Steven Cherry: Once there are enough bills and scanners out there, and bills routinely have this embedded in it and are scanned at every transaction—which is in principle possible—there’s the potential for quite a database for how money changes hands. Would this let a government go after drug traffickers, for example?
Husam Alshareef: Absolutely, especially in large denominations. I think the circuit can become as complex as you want it to be, right? I mean, in its simplest form, the circuit is not very expensive, and it can be quite simple to implement, actually, but if you want inventory and tracking and positioning like this, you could basically add functionality to the circuit. And this could also again be done with organic materials and go beyond knowing [whether] this is just a bona fide, government-issued banknote or not. You could go into tracking and locating banknotes and so forth; it’s just you design the circuit you want to appear on the banknote.

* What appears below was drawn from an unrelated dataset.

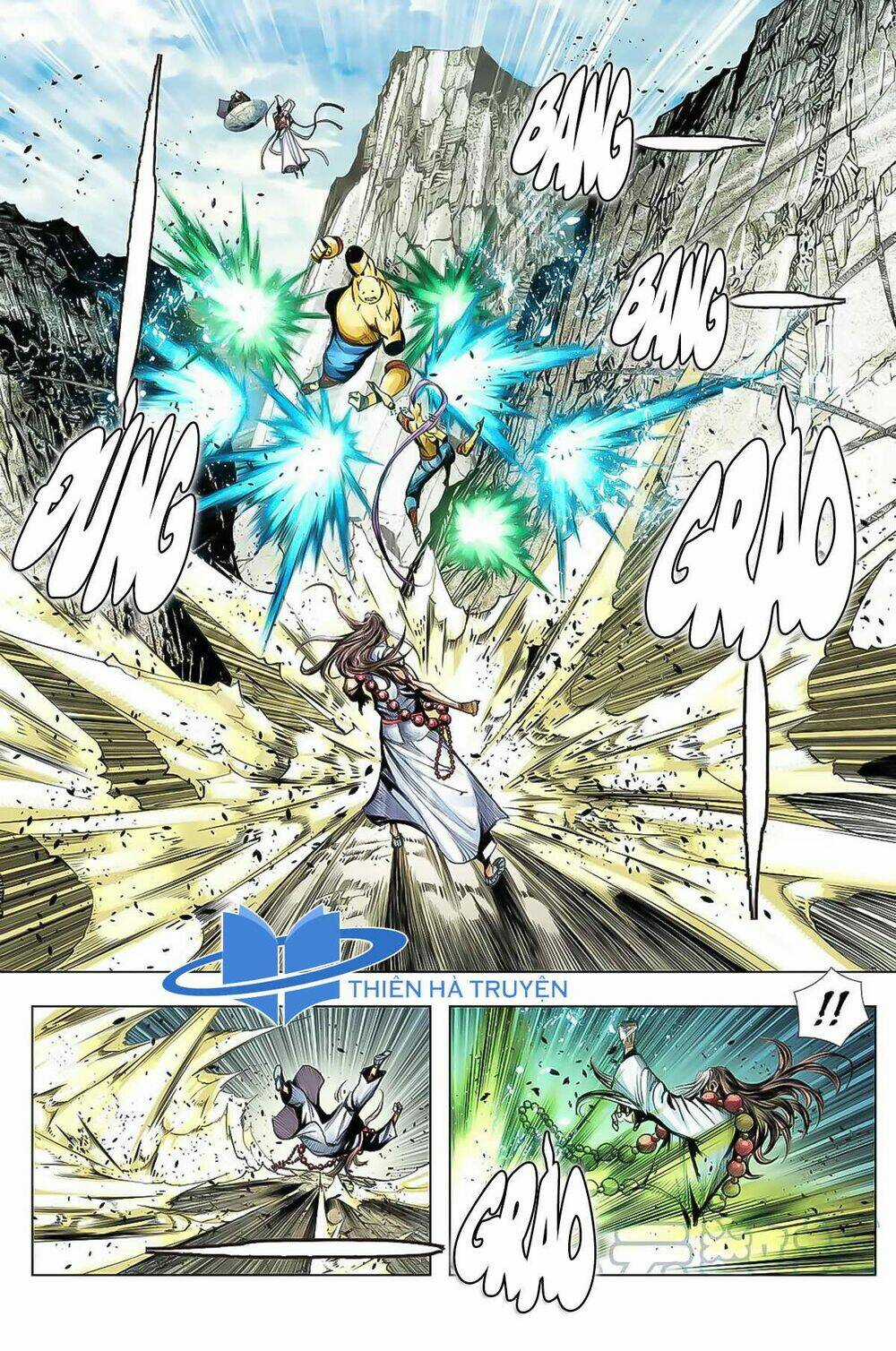 Tây Du Chapter 272 trang 14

Steven Cherry: And so it could also help a government go after the so-called “gray economy,” like waiters and cab drivers and everybody else who works mainly in cash and might be underreporting their income.

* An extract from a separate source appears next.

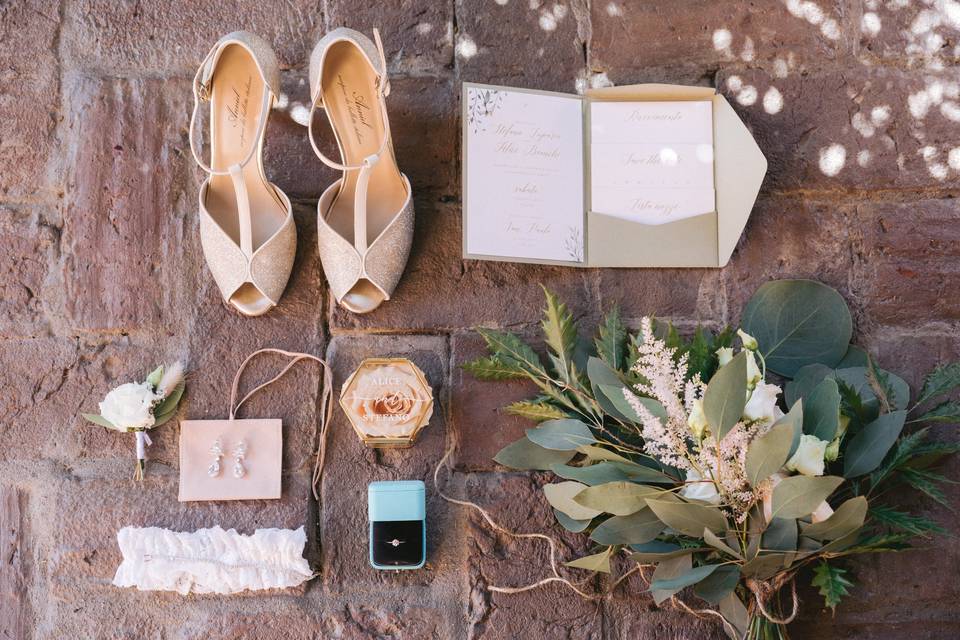 Dettagli matrimonio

Husam Alshareef: It could, but that was not our intention. [laughs]
Steven Cherry: I mean, it could be used by a government for any reason, right? I mean, if a government wants to track who’s purchasing alcohol or something.
Husam Alshareef: Yeah, I think actually you’re bringing up some ideas we didn’t entirely think about, all of those. You know, counterfeiting is definitely one of the leading, but these are all interesting applications. And in principle, I would say RFID tags have many reasons and many areas of uses for RFID tags, and this could basically whatever one wants to do with banknotes with this robust circuit that requires low power and flexes very nicely and can be produced cost-effectively. You can address many of these things that you’re talking about because the cost will be reasonable.
Steven Cherry: Yeah, it occurs to me that the same advantages that it presents here would also make it the RFID chip of choice to embed into clothing and all sorts of other places.
Husam Alshareef: Yes, that is definitely ongoing, many people are interested in that, including government. Actually, I got invited to give a talk in Dubai about this. There’s a conference that happens there about IDs and security and printing on banknotes and things like that, so there’s interest in that.
Steven Cherry: Well, thank you very much. It’s a really interesting piece of research, and I wish you luck with it.
Husam Alshareef: Thank you very much, Steven. Have a great day.
Steven Cherry: We’ve been speaking with materials scientist Husam Alshareef about work being done in Saudi Arabia to create an embedded RFID chip for paper currency.
For IEEE Spectrum’s “Techwise Conversations,” I’m Steven Cherry.